REQUIREMENT —
Return the records below exactly; pictures stay out.

RECORDS SUPPLIED —
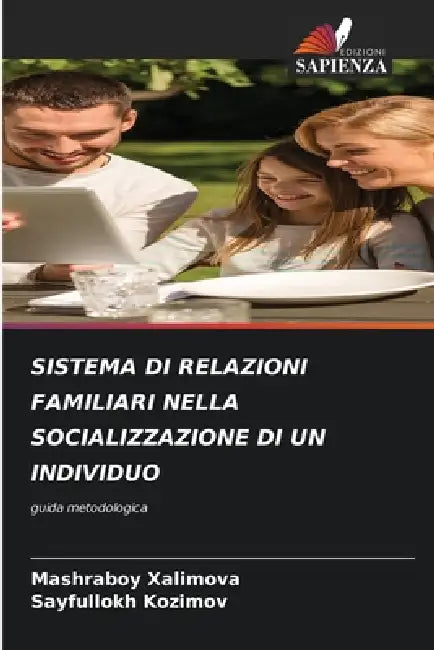 Sistema Di Relazioni Familiari Nella Socializzazione Di Un Individuo by Mashraboy Xalimova, Sayfullokh Kozimov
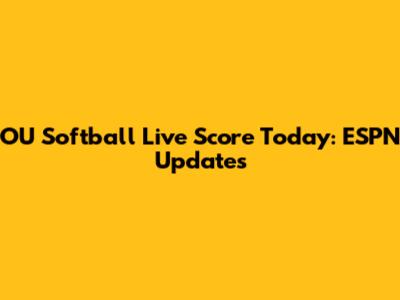 OU Softball Live Score Today: ESPN Updates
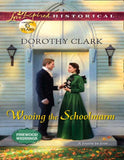 Wooing The Schoolmarm (Pinewood Weddings, Book 1) (Mills & Boon Love Inspired Historical) by Dorothy Clark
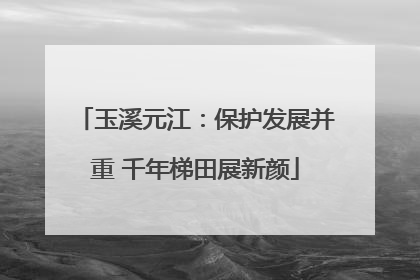 玉溪元江：保护发展并重 千年梯田展新颜
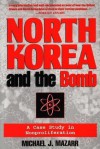 North Korea and the Bomb: A Case Study in Nonproliferation - Michael J. Mazarr, Mazarr, Michael J. Mazarr, Michael J.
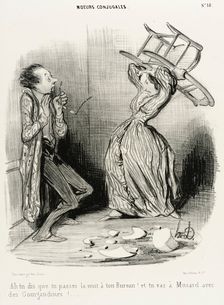 Ah! tu dis que tu passes la nuit à ton bureau..., 1840. Creator: Honore Daumier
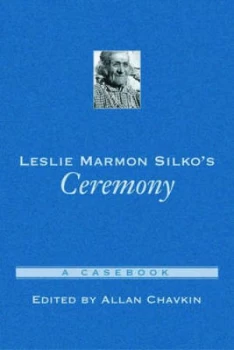 Image of Leslie Marmon Silkos Ceremony by Allan Chavkin Book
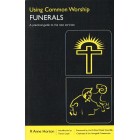 Using Common Worship: Funerals by R Anne Horton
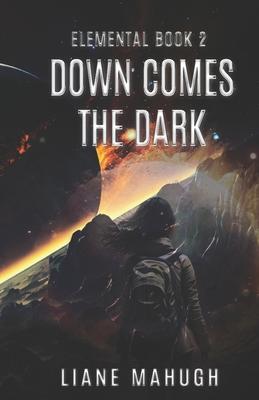 Down Comes the Dark - A YA Sci-Fi Adventure: Elemental Book 2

THE COMPLETED TASK —
 Sistema Di Relazioni Familiari Nella Socializzazione Di Un Individuo by Mashraboy Xalimova, Sayfullokh Kozimov
 OU Softball Live Score Today: ESPN Updates
 Wooing The Schoolmarm (Pinewood Weddings, Book 1) (Mills & Boon Love Inspired Historical) by Dorothy Clark
 玉溪元江：保护发展并重 千年梯田展新颜
 North Korea and the Bomb: A Case Study in Nonproliferation - Michael J. Mazarr, Mazarr, Michael J. Mazarr, Michael J.
 Ah! tu dis que tu passes la nuit à ton bureau..., 1840. Creator: Honore Daumier
 Image of Leslie Marmon Silkos Ceremony by Allan Chavkin Book
 Using Common Worship: Funerals by R Anne Horton
 Down Comes the Dark - A YA Sci-Fi Adventure: Elemental Book 2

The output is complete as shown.